## WHAT TO DO
Only one stretch of the listing below is wanted. Begin at the line that has "Cepillo Eléctrico Limpieza", stop after the line that has "fuente Linotypetapestrytriangle –", and repeat every line in between exactly.
++++++++
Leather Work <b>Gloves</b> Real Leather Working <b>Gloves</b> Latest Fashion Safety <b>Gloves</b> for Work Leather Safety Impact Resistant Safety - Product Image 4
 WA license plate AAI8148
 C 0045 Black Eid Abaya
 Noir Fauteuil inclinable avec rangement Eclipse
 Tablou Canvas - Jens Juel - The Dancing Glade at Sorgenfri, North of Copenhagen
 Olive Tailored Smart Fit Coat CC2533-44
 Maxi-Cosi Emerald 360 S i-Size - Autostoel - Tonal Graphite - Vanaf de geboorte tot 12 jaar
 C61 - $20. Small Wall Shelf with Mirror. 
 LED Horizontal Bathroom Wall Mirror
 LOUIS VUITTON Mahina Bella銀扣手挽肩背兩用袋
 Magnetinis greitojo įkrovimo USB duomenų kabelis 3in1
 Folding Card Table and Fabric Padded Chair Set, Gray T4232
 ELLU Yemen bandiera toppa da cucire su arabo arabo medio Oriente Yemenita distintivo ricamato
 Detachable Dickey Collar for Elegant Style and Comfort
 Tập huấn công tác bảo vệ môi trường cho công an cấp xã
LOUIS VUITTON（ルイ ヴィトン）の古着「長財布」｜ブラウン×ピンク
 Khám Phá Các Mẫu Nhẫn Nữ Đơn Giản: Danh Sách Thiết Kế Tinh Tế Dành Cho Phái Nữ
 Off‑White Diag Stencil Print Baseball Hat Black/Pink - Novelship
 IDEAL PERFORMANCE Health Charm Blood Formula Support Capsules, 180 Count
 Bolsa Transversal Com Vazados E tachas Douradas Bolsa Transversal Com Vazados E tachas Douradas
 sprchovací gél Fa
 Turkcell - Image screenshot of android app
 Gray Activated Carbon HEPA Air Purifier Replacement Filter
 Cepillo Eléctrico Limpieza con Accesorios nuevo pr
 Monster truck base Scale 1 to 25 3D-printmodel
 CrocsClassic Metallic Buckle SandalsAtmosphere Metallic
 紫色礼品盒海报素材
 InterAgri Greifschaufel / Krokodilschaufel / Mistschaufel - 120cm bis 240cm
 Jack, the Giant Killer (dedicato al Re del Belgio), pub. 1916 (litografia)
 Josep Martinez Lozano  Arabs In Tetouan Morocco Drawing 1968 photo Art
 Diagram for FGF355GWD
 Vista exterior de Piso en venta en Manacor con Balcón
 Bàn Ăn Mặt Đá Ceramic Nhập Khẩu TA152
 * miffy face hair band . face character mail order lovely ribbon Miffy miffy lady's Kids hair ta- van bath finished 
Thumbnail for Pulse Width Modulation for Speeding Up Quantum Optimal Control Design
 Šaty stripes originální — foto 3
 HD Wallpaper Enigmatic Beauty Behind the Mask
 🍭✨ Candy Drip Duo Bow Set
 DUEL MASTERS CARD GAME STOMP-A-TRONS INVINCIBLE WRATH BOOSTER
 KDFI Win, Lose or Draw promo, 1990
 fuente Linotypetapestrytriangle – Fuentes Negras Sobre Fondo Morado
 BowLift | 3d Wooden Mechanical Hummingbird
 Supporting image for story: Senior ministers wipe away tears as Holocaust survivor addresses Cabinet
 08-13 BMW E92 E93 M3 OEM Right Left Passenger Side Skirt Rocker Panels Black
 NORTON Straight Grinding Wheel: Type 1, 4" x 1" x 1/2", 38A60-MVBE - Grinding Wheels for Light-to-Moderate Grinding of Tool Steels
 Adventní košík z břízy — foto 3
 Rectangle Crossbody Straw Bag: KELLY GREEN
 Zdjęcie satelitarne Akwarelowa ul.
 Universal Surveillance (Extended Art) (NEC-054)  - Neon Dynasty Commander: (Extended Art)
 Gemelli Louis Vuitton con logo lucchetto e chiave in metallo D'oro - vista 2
++++++++
## OUTPUT OF THE EXERCISE
 Cepillo Eléctrico Limpieza con Accesorios nuevo pr
 Monster truck base Scale 1 to 25 3D-printmodel
 CrocsClassic Metallic Buckle SandalsAtmosphere Metallic
 紫色礼品盒海报素材
 InterAgri Greifschaufel / Krokodilschaufel / Mistschaufel - 120cm bis 240cm
 Jack, the Giant Killer (dedicato al Re del Belgio), pub. 1916 (litografia)
 Josep Martinez Lozano  Arabs In Tetouan Morocco Drawing 1968 photo Art
 Diagram for FGF355GWD
 Vista exterior de Piso en venta en Manacor con Balcón
 Bàn Ăn Mặt Đá Ceramic Nhập Khẩu TA152
 * miffy face hair band . face character mail order lovely ribbon Miffy miffy lady's Kids hair ta- van bath finished 
Thumbnail for Pulse Width Modulation for Speeding Up Quantum Optimal Control Design
 Šaty stripes originální — foto 3
 HD Wallpaper Enigmatic Beauty Behind the Mask
 🍭✨ Candy Drip Duo Bow Set
 DUEL MASTERS CARD GAME STOMP-A-TRONS INVINCIBLE WRATH BOOSTER
 KDFI Win, Lose or Draw promo, 1990
 fuente Linotypetapestrytriangle – Fuentes Negras Sobre Fondo Morado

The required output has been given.